Restate word for word the entries below, starting at the line with "Imagem Casa com" and ending at the line with "Pis amb piscina". Keep both end lines and omit the pictures.

Excerpted data
★ ★ ★
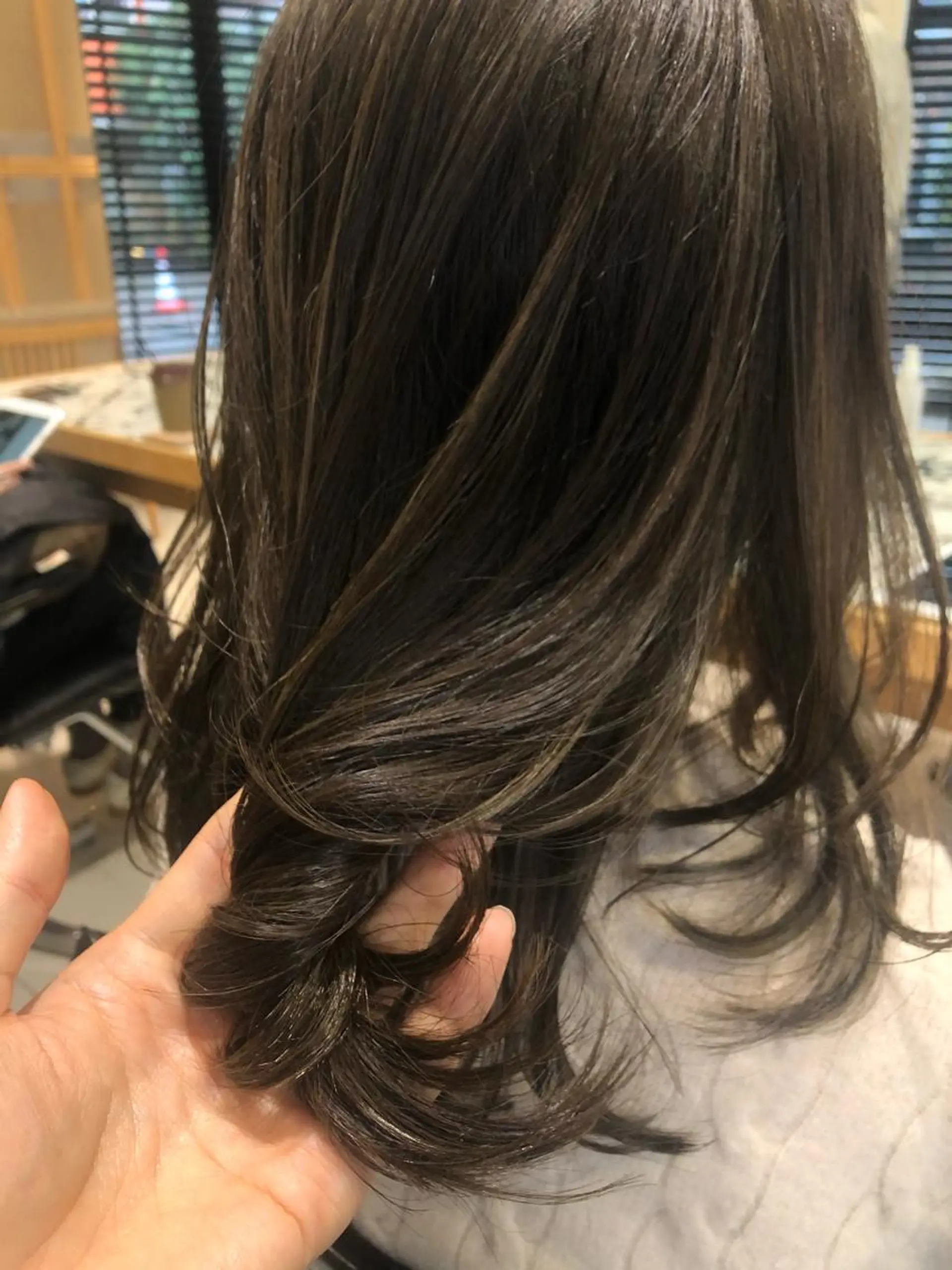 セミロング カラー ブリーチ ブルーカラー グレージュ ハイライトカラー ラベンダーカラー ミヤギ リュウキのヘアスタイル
★ ★ ★
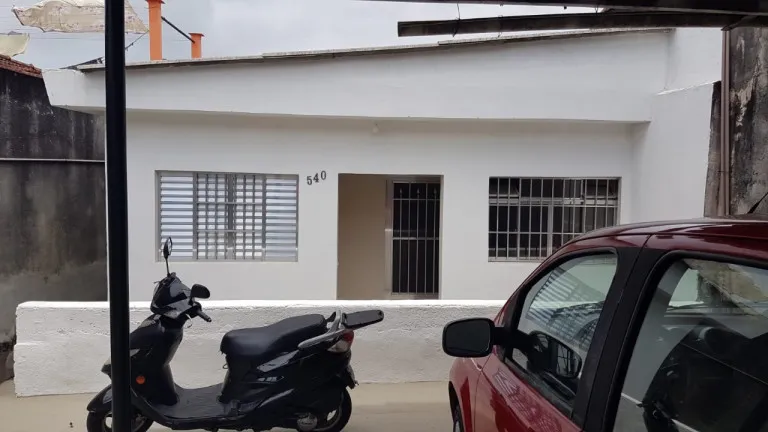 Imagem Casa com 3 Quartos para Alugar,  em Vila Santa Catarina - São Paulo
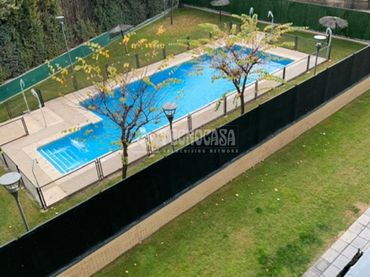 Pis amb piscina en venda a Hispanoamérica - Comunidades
★ ★ ★
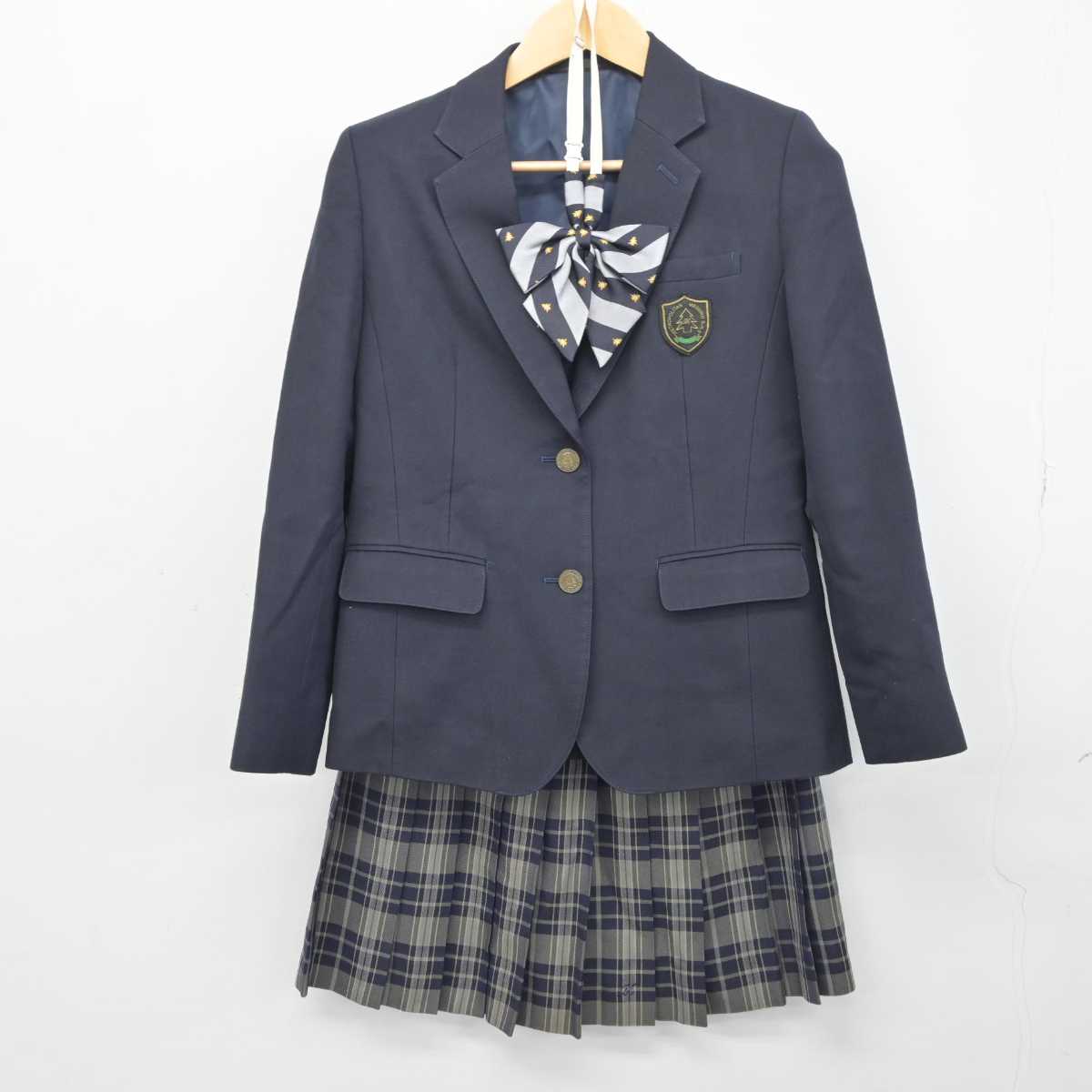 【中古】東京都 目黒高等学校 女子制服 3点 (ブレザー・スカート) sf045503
★ ★ ★
Written response
 Imagem Casa com 3 Quartos para Alugar,  em Vila Santa Catarina - São Paulo
 Pis amb piscina en venda a Hispanoamérica - Comunidades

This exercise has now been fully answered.